# Student Needs Help!!! What is a shunt in an EV?



## jeremyjs (Sep 22, 2010)

go to wikipedia, type in electrical shunt, read the part titled "use in current measuring"


----------



## dougingraham (Jul 26, 2011)

mcmichaelev said:


> I'm a student trying to learn about Electric Vehicles. I need to know what an Shunt is, in plain English so I can understand!!!!! ((Not a Shunt Motor))


A shunt is a very low value calibrated resistor. Its purpose is to measure the current that is passing through it. And they are generally specified by a current and millivolt rating. A 1000A 50mv shunt would have a resistance of 0.00005 ohms (0.05v/1000a). If you run 1000 amps through it the voltage across the sensing terminals would be 0.050 volts. In the case of this example if you read the voltage across the terminals you divide by 0.00005 to get the current.


----------



## Conelrad (May 23, 2009)

There is lots of factual info already, so I'll add a simplification:

Shunts are used in DC circuits.
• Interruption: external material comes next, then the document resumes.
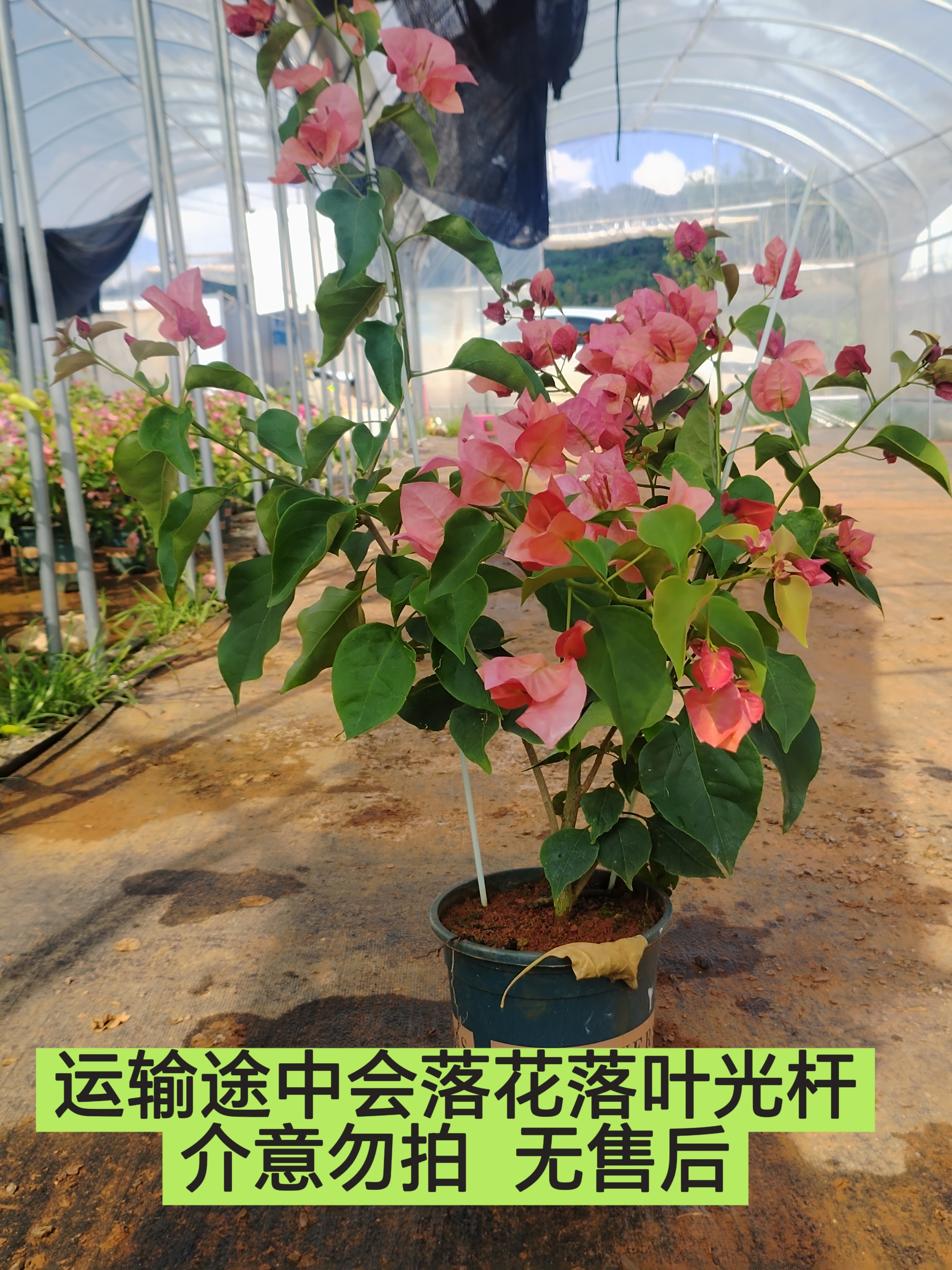 【不甜西瓜—新叶】介意落花落叶落秃  轻微折枝的勿拍无售后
They usually look like a big chunk of brass or copper, mounted on some sort of insulating base, installed in a heavy gauge wire path.
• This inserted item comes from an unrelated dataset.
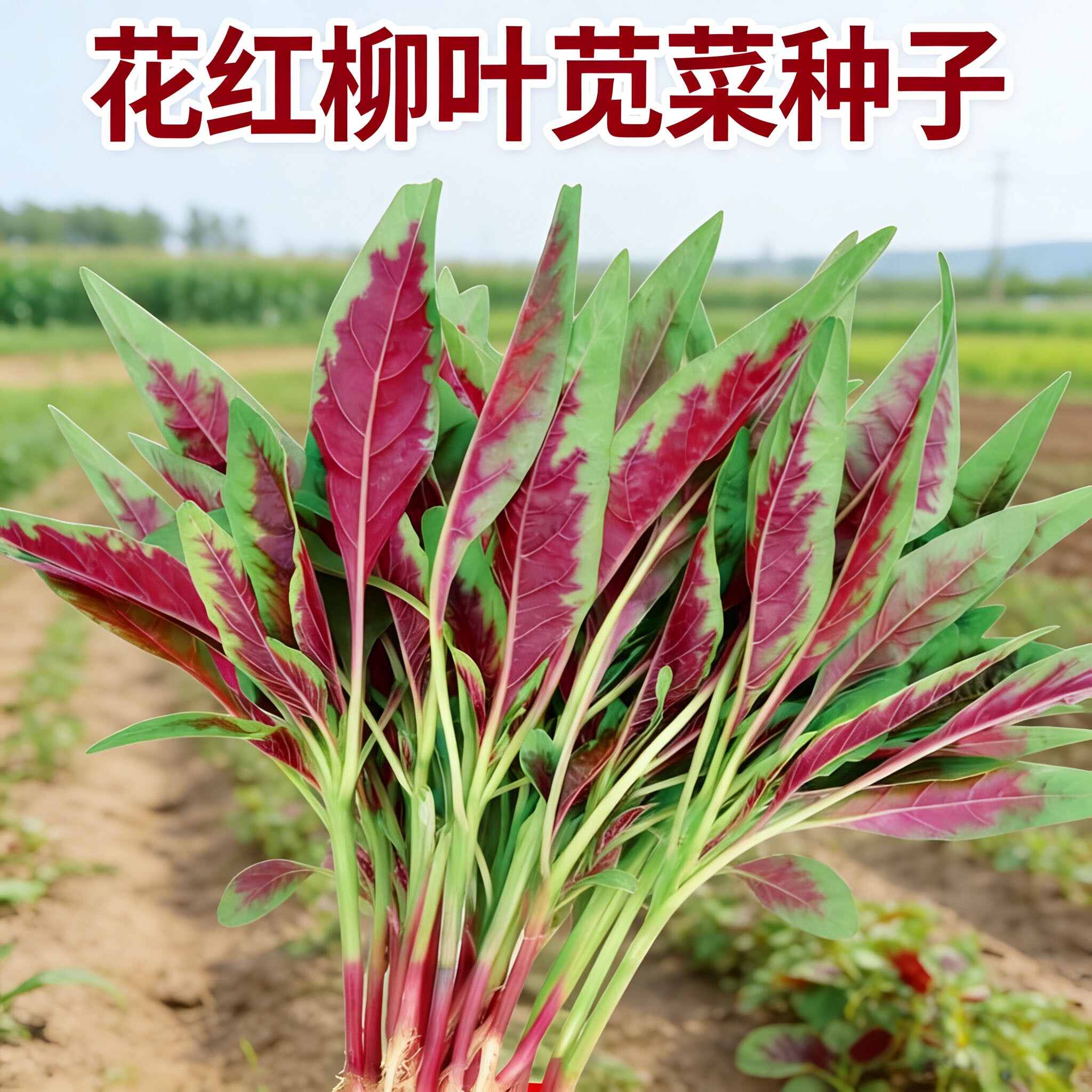 蔬菜柳叶夏季盆栽红苋菜图片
They allow you to 'sample' the current flowing through it for metering purposes.

For instance, you may have up to a thousand Amperes flowing, and that would be very impractical to route through a dashboard ammeter or other measuring circuit.

A shunt takes a bit of that flow in a precise ratio and is much easier to handle for measurement.

DG


----------



## mcmichaelev (Dec 3, 2008)

thanks for the help in clearing it up!


----------